**WHAT YOU ARE ASKED TO DO**
What is wanted is every line below from the one with "El plato de" up to and including the one with "Salle de douche", retyped exactly, pictures excluded, nothing else.

++++++++++++++++++++

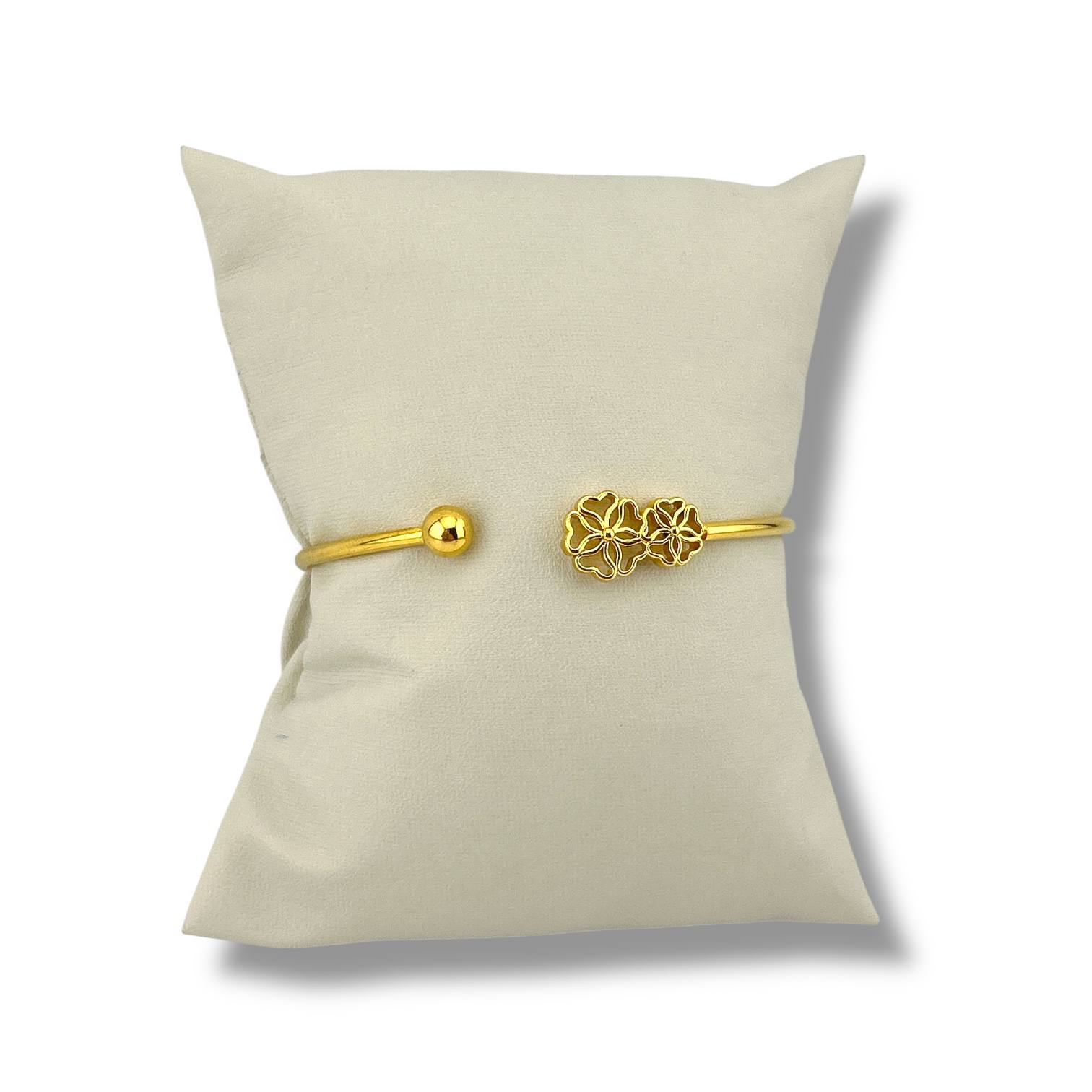 Golden Blossom Open Bangle – Elegant Floral Design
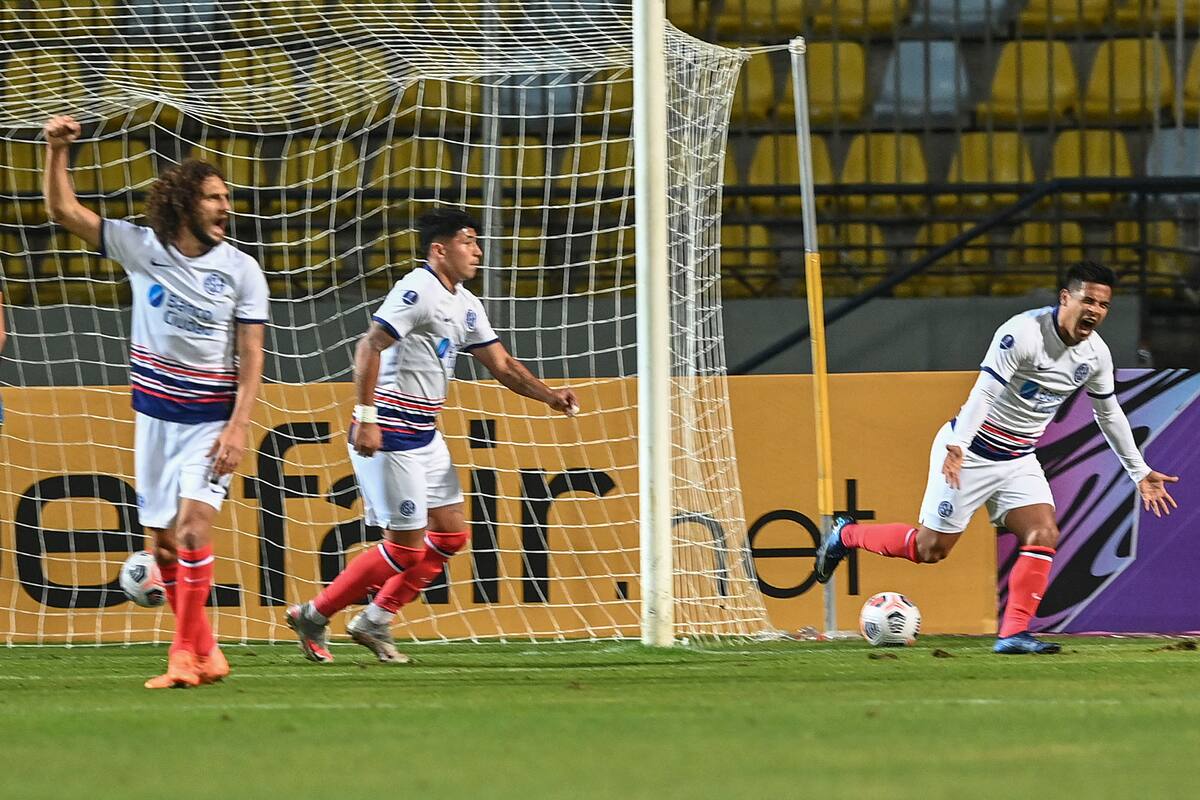 Nicolas Fernandez desata euforia por uno de sus dos goles a Huachipato en Viña del Mar; San Lorenzo no tenía chances de clasificarse, pero sonrió en su último partido del grupo por la Copa Sudamericana.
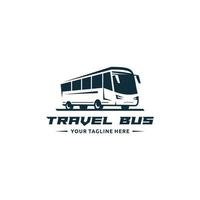 modelo de logotipo de ônibus de viagem com fundo branco. adequado para sua necessidade de design, logotipo, ilustração, animação, etc. vetor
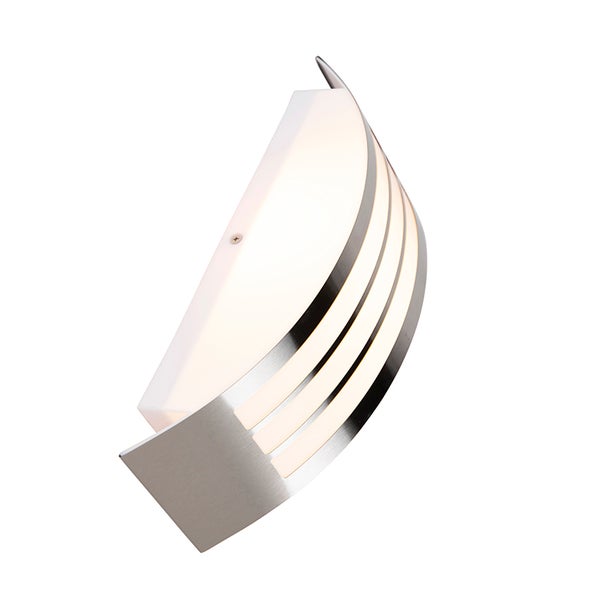 Moderne Wandleuchte aus gebürstetem Metall mit gewölbter Form und horizontalen Lichtschlitzen.
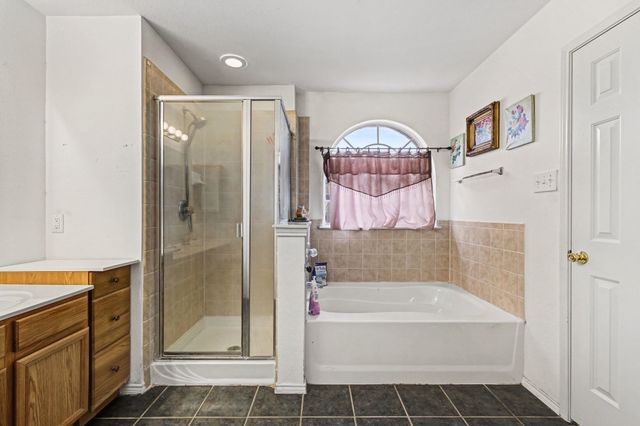 7936 Meadow Spring Lane, Fort Worth, TX 76120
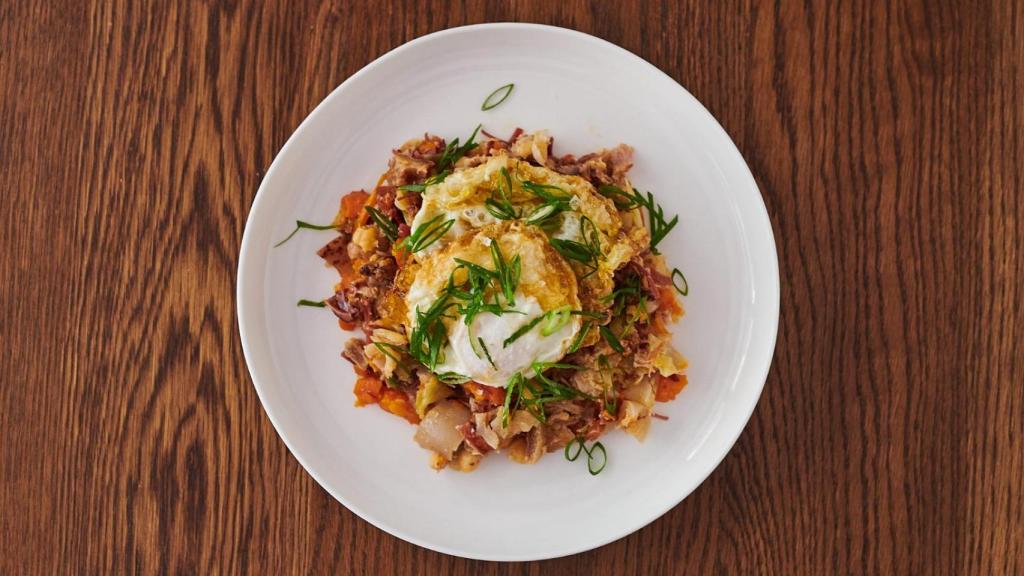 El plato de ropa vieja de verduras con huevo en La Cocina de Frente.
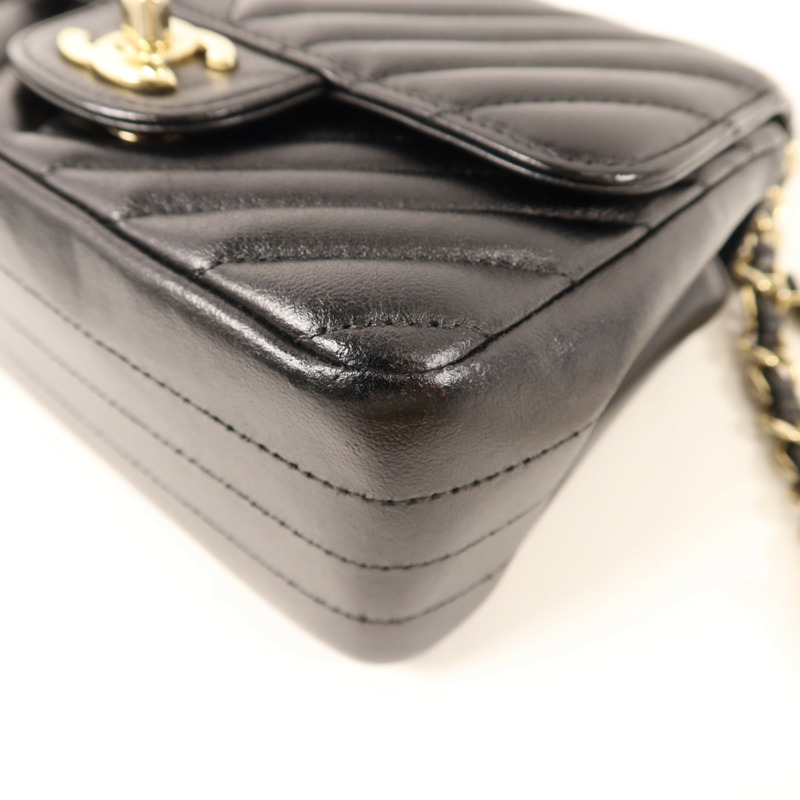 CHANEL 羊皮皮革Mini Classic 17金扣鏈帶肩背袋-14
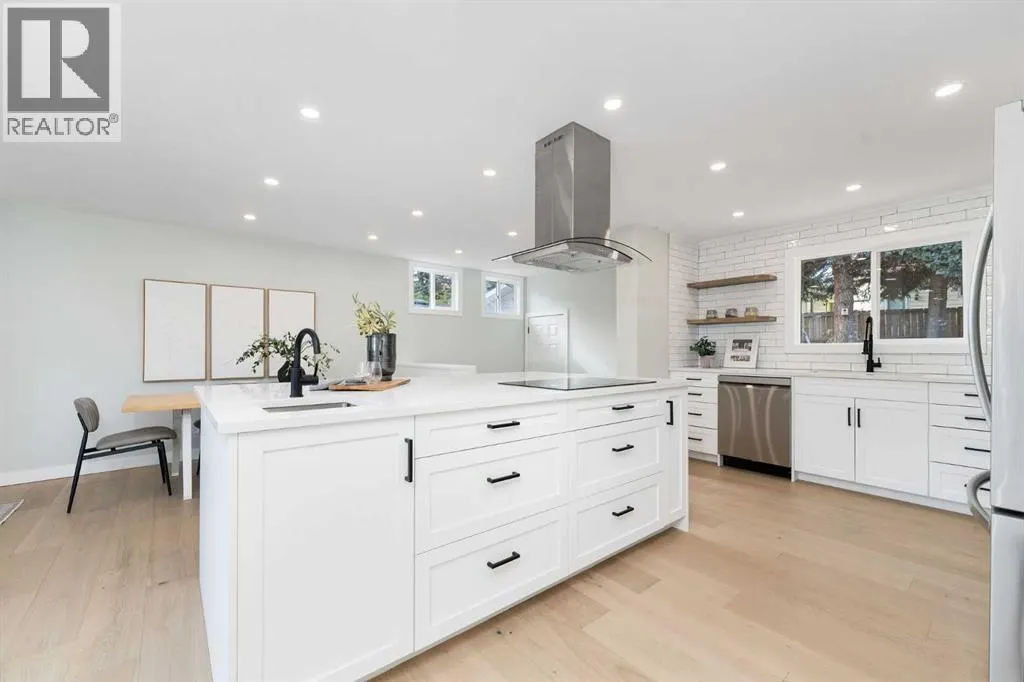 328 Cantrell Place SW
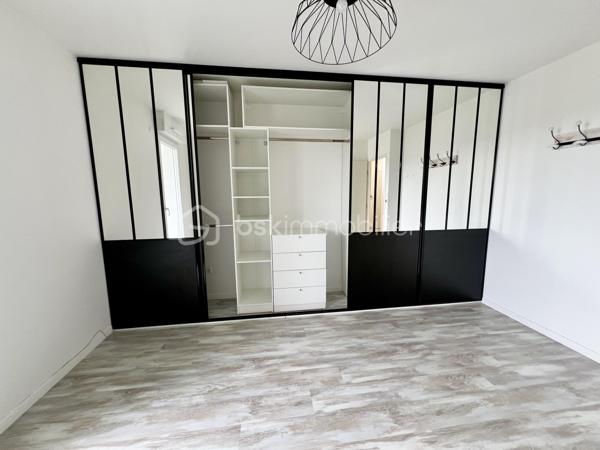 Situé sur la commune de Bezannes dans la résidence Calligraphie (2018)
Très bel appartement lumineux, au 1er étage côté rue, de type 3 et d'une surface de 62m2, exposé ouest.

Il est composé de :
Entrée avec placard,
séjour avec cuisine équipée Fabrimeuble (hotte, plaque de cuisson, four) de 21 m2 avec accès sur le balcon-terrasse de 16 m2
2 chambres 10 et 14 m2, la grande chambre possède un très grand placard aménagé. Les 2 chambres ont un accès également au balcon/terrasse
Salle de douche avec wc suspendu, 
Buanderie

volets roulants électriques avec domotique, fibre, nombreux placards, chauffage gaz individuel
cet appartement est en très bon état
1 place de parking en sous-sol
charges copro : env 104€/mois
taxe foncière : 896€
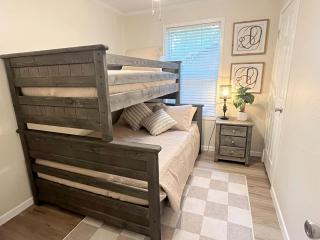 Spacious Modern Cabin on Toledo Bend Lake with Gorgeous Deck and Patio for an Amazing Family Getaway in Hemphill, Texas - Hemphill - 1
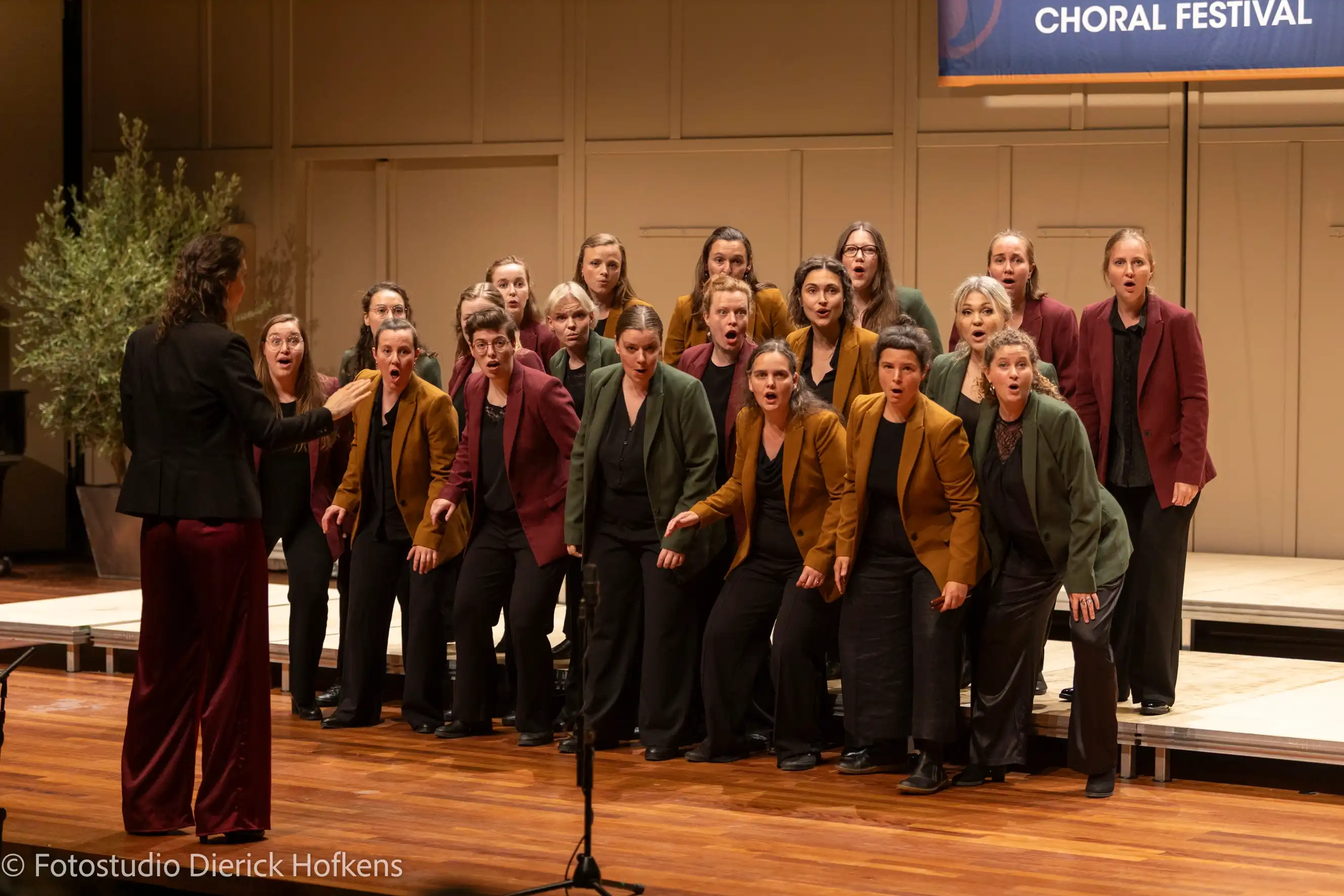 Female Chamber Choir Caloroso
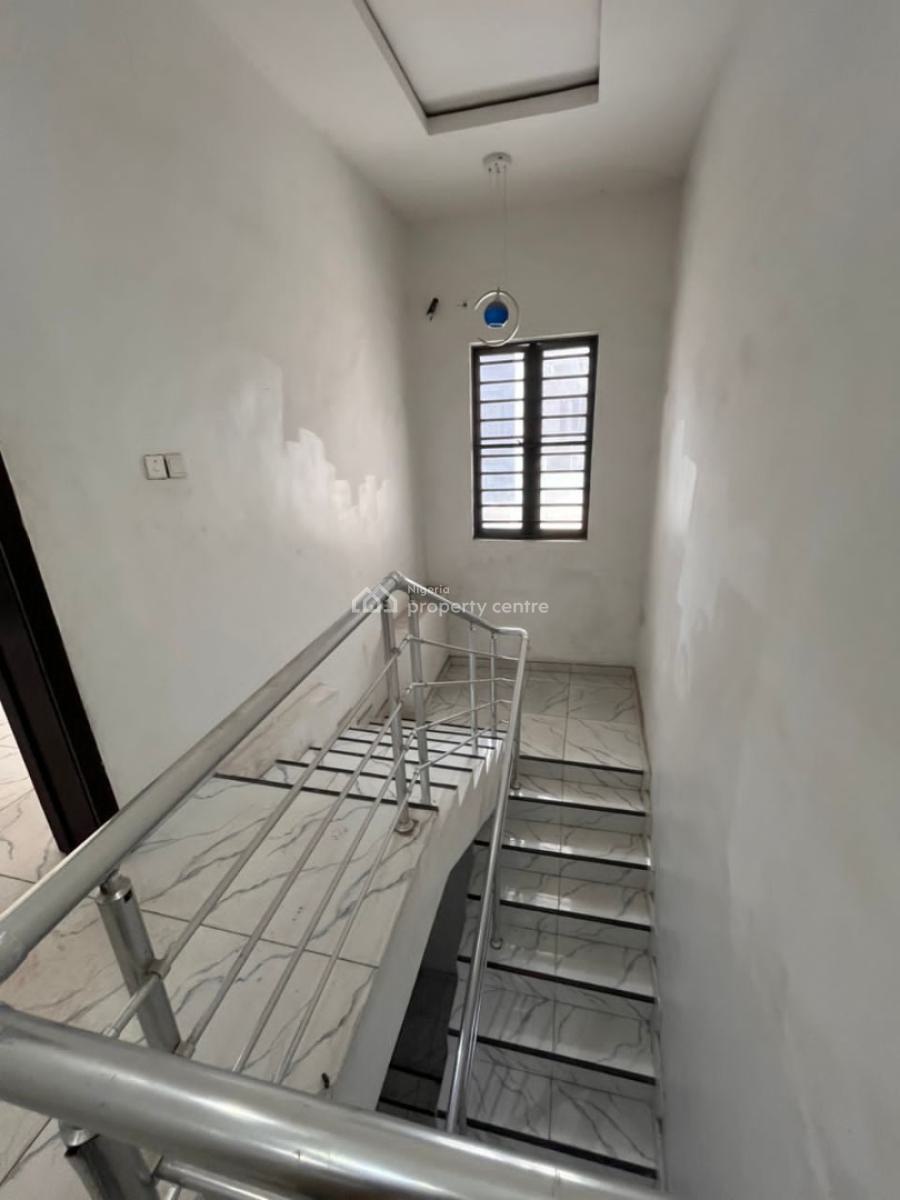 a Massive Master Bedroom with Kitchen.& 2 Balconies, Thomos Estate, Ajah, Lagos, Flat / Apartment for Rent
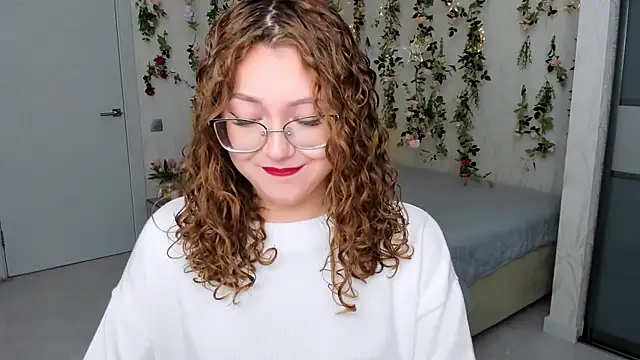 SereneFlame online show from October 2025 04:07:02 PM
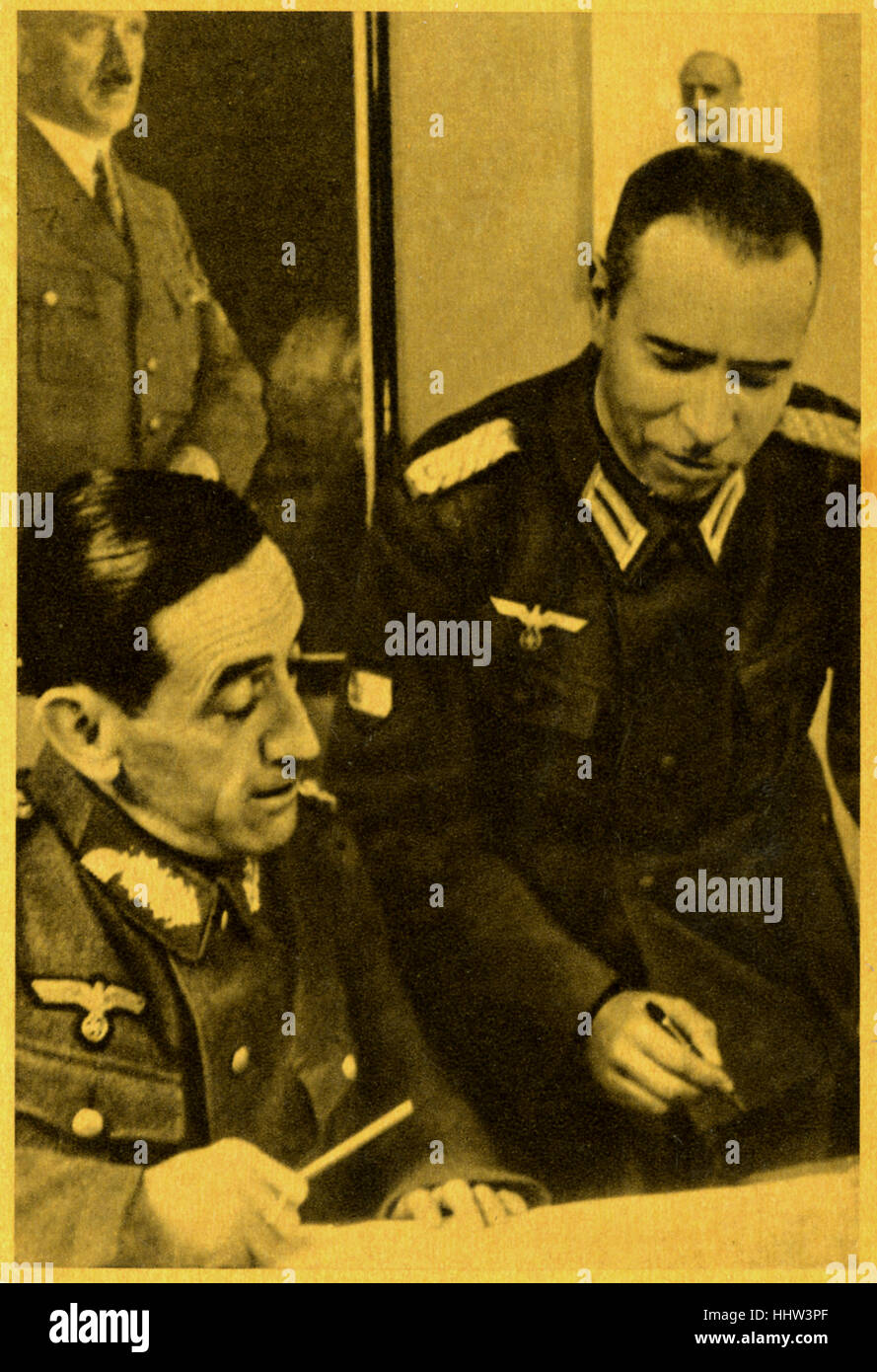 Bei der Zentrale an der Ostfront während des 2. Weltkrieges. General Muñoz Grande und Propagandakompanie Oberst Romero Magariegos in der Uniform des deutschen Heeres. (Original-Bildunterschrift auf Spanisch: En el Cuatel General del Frente orientalische; El allgemeine Muñoz Grande y el Teniente Coronel Romero Magariegos). Reihe von Karten der europäischen Kreuzzug gegen den Bolschewismus genannt: die blaue Brigade (Bild 2) / La Cruzada Europea Contra el Bolchevismo. La División Azul. La División Azul war Einheit der spanischen und portugiesischen Freiwilligen, die in der deutschen Armee an der Ostfront des zweiten Weltkriegs diente. Stockfoto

++++++++++++++++++++

**SOLVED PROBLEM**
 El plato de ropa vieja de verduras con huevo en La Cocina de Frente.
 CHANEL 羊皮皮革Mini Classic 17金扣鏈帶肩背袋-14
 328 Cantrell Place SW
 Situé sur la commune de Bezannes dans la résidence Calligraphie (2018)
Très bel appartement lumineux, au 1er étage côté rue, de type 3 et d'une surface de 62m2, exposé ouest.

Il est composé de :
Entrée avec placard,
séjour avec cuisine équipée Fabrimeuble (hotte, plaque de cuisson, four) de 21 m2 avec accès sur le balcon-terrasse de 16 m2
2 chambres 10 et 14 m2, la grande chambre possède un très grand placard aménagé. Les 2 chambres ont un accès également au balcon/terrasse
Salle de douche avec wc suspendu, 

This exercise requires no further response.